PiNN adapts TensorFlow's dataset API to handle different datasets.

For this and the following notebooks the QM9 dataset (https://doi.org/10.6084/m9.figshare.978904) is used.
To follow the notebooks, download the dataset and change the directory accordingly.

The dataset will be automatically split into subsets according to the split_ratio.
Note that to use the dataset with the estimator, the datasets should be a function, instead of a dataset object.

filelist = glob('/tmp/dsgdb9nsd/*.xyz')
dataset = lambda: load_qm9(filelist, splits={'train':8, 'test':2})
train = lambda: dataset()['train'].repeat().shuffle(1000).apply(sparse_batch(100))
test = lambda: dataset()['test'].repeat().apply(sparse_batch(100))

Defining the model

In PiNN, models are defined at two levels: models and networks.

A model (model_fn) defines the target, loss and training detail.
A network defines the structure of the neural network.

In this example, we will use the potential model, and the PiNet network. The configuration of a model is stored in a nested dictionary as shown below. Available options of the network and model can be found in the documentation.

!rm -rf /tmp/PiNet_QM9
params = {'model_dir': '/tmp/PiNet_QM9',
          'network': {
              'name': 'PiNet',
              'params': {
                  'depth': 4,
                  'rc':4.0,
                  'atom_types':[1,6,7,8,9]
              },
          },
          'model': {
              'name': 'potential_model',
              'params': {
                  'learning_rate': 1e-3
              }
          }
}
model = get_model(params)

Configuring the training process

The defined model is indeed a tf.Estimator object, thus, the training can be easily controlled

train_spec = tf.estimator.TrainSpec(input_fn=train, max_steps=1000)
eval_spec = tf.estimator.EvalSpec(input_fn=test, steps=100)

Train and evaluate

tf.estimator.train_and_evaluate(model, train_spec, eval_spec)

Using the model

The trained model can be used as an ASE calculator.

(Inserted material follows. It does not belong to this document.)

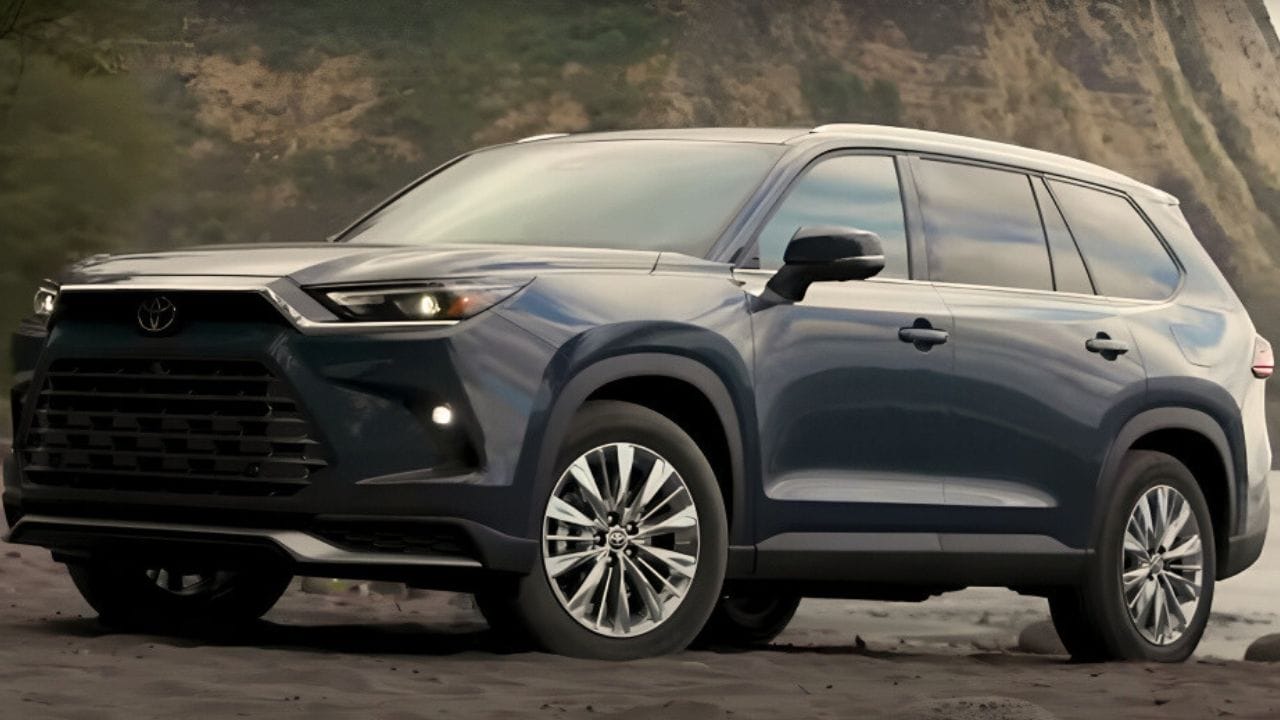 O maior SUV da Europa, Toyota Highlander, deve balançar as vendas do Tiggo 8 e Jeep Comander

from ase.collections import g2
from pinn import get_calc
params = {'model_dir': '/tmp/PiNet_QM92',
          'network': {
              'name': 'PiNet',
              'params': {
                  'depth': 4,
                  'rc':4.0,
                  'atom_types':[1,6,7,8,9]
              },
          },
          'model': {
              'name': 'potential_model',
              'params': {
                  'learning_rate': 1e-3
              }
          }
}

calc = get_calc(params)
calc.properties = ['energy']
atoms = g2['C2H4']
atoms.set_calculator(calc)
atoms.get_forces(), atoms.get_potential_energy()

Conclusion

You have trained your first PiNN model, though the accuracy is not so satisfying (RMSE=21 Hartree!). Also, the training speed is slow as it's limited by the IO and pre-processing of data.

We will show in following notebooks that:

Proper scaling of the energy will improve the accuracy of the model.
The training speed can be enhanced by caching and pre-processing the data.